Allahkaram was referring to newspaper columnist, Afarin Chitsaz, who was arrested in November 2015 by the intelligence branch of the Islamic Revolutionary Guards Corps (IRGC) and sentenced to ten years in prison for “collaboration with foreign governments”. She was also charged and convicted in April 2016 of “assembly and collusion against national security”. In an interview with International Human Rights in Iran, Chitsaz’s mother, Maryam Azadpour, said that her daughter had been kept in solitary confinement for six months, tortured, and forced to confess under duress to crimes she had not committed.
Since its early days, the regime’s tactic of choice for discrediting opponents has been to accuse them of being corrupt and perverted. For many years after the revolution of 1979, leaders of the Islamic republic criticised Mohammad-Reza Shah Pahlavi and his family for being morally corrupt. In an interview with the state-run TV in 1987, Hossein Fardoust, a childhood friend of the late Shah, and former deputy chief of Iran’s powerful intelligence agency SAVAK, denounced the Shah, the royal court, and the “corruption” of the government he had served in. The interview was undoubtedly scripted by the Islamic republic’s intelligence agencies. In his memoirs published posthumously, Fardoust levelled the same accusations against the Pahlavi family and their rule. Fardoust was one of the few generals in the Iranian military who did not flee the country after the revolution. It was rumoured that he had defected and helped the Islamic republic set up its intelligence agency, SAVAMA.
In the1990’s the regime unchained its intelligence apparatus. It eliminated enemies with impunity until the shocking revelations about Saeed Emami, Iran’s deputy minister of intelligence, who was accused of independently organising assassinations of dissidents, in what became known as the “chain murders”. Emami’s sudden and mysterious death in prison, saved the regime from certain embarrassment. The video clips of the interrogations of Emami’s family revealed regime’s brutal tactics of accusations, humiliation, and torture used to extract confessions.
The Islamic republic discredits intellectuals through character assassination. In a number of cases, dead bodies of dissidents were discovered in compromising positions with authorities claiming “ damning proof that their liberal and depraved life style had been their undoing”.

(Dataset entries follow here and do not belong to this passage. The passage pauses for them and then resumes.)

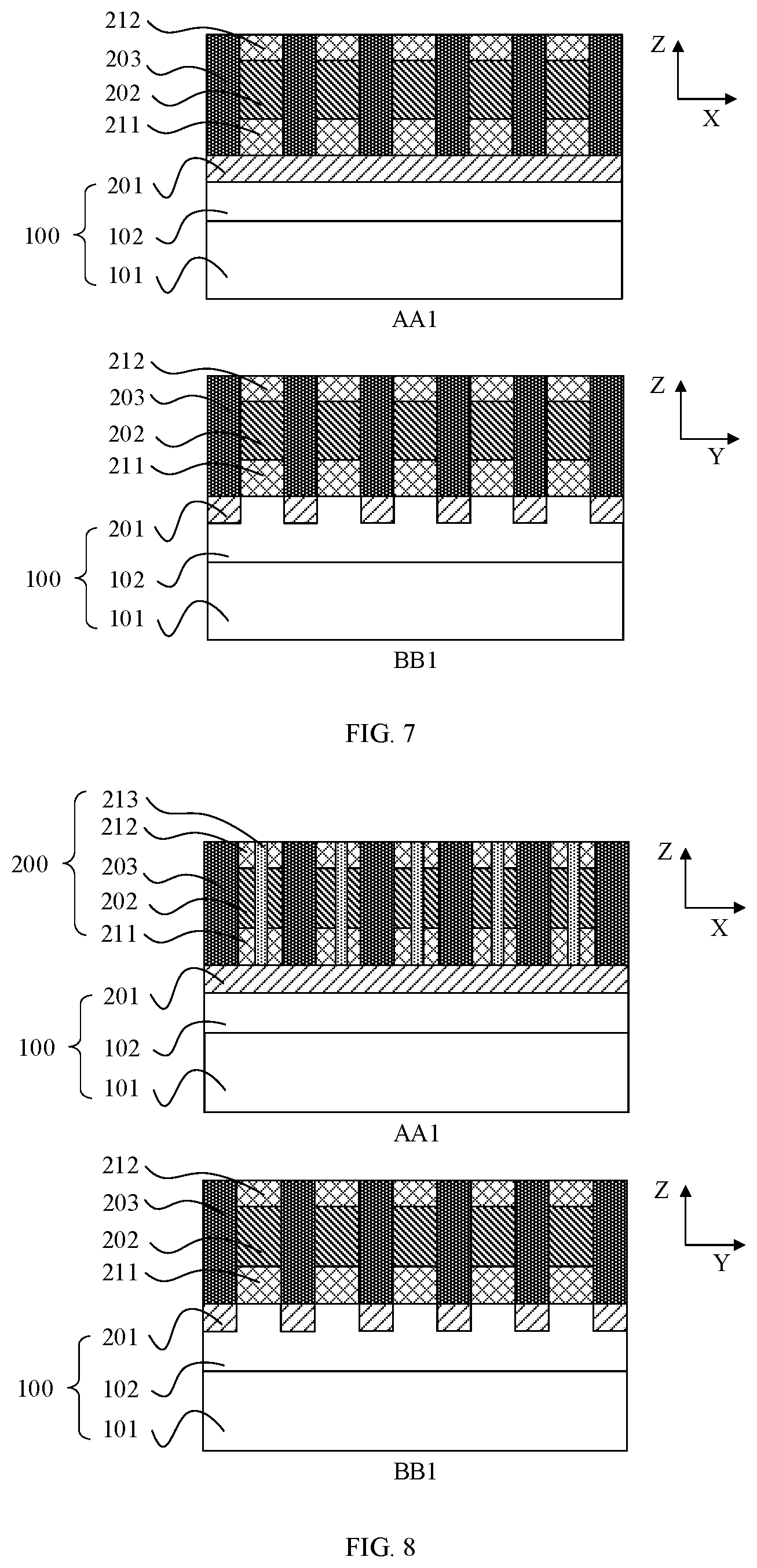 Patent US12317484 Figure 4 – Method for forming a first and a second transistors array having plurality of first and semiconductor pillars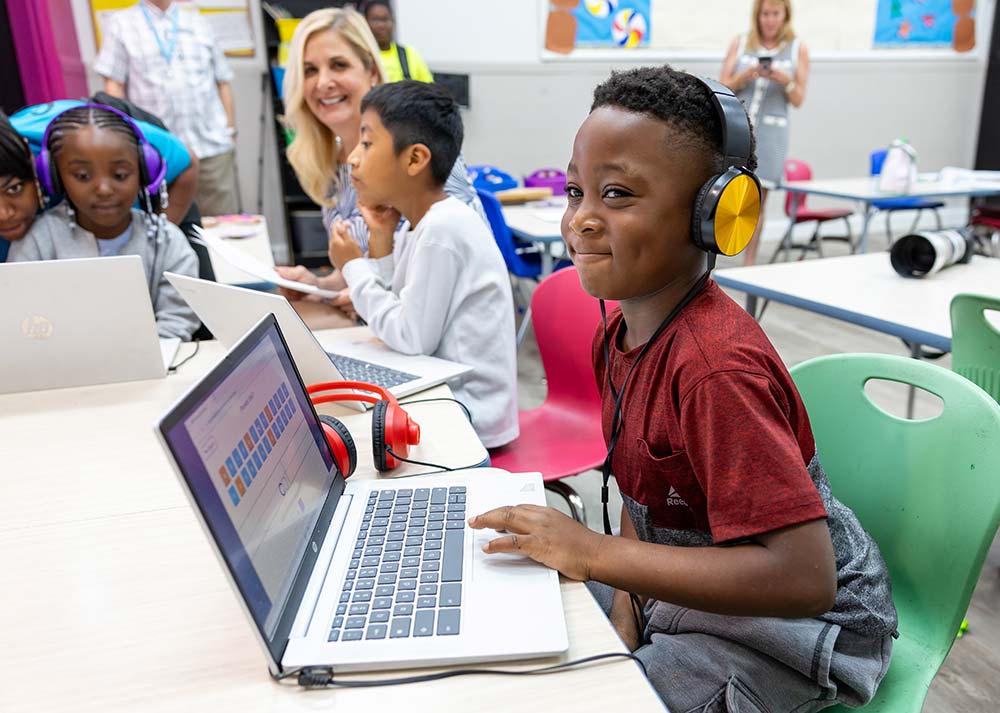 Children say the program helped raise grades to all A's.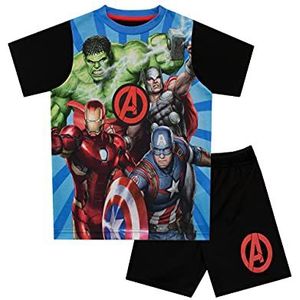 Marvel - Pyjamaset - Avengers - Jongen, Blauw, 3-4 Jaren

The regime has reserved its venomous bite not only for dissidents but also for reformists within its own ranks. Staunch conservatives tried to undermine former President Mohammad Khatami’s efforts to open up Iran through “dialogue between civilisations” initiative by describing it as pro-West. They also targeted Khatami’s culture minister, Attaollah Mohajerani, who had allegedly entered into a number of temporary marriages (Sigheh), forcing him to resign. Mohajerani was one of the first victim’s of the regime’s current method of sidelining opponents, namely by accusing them of moral corruption.
The attacks have not been directed only at those in the reformist camp. Esfandiar Rahim Masha’i and Hamid Baqaei, former President Mahmoud Ahmadinejad’s Chief of Staff, and Vice-President for executive affairs, have also been accused of carrying on illicit affairs with their language tutor.
The most recent rumours about the adulterous relationship between five ministers in President Rouhani’s cabinet and a female journalist is just the latest attempt by the regime to shame and embarrass its foes within the ruling oligarchy. It is ironic that the so-called “sacred” regime that lectures the world on morality and ethics, stops at nothing to destroy the reputations and lives of its opponents. There will probably be more revelations, rumours, accusations, and scandals between now and the upcoming presidential elections on May 19, 2017.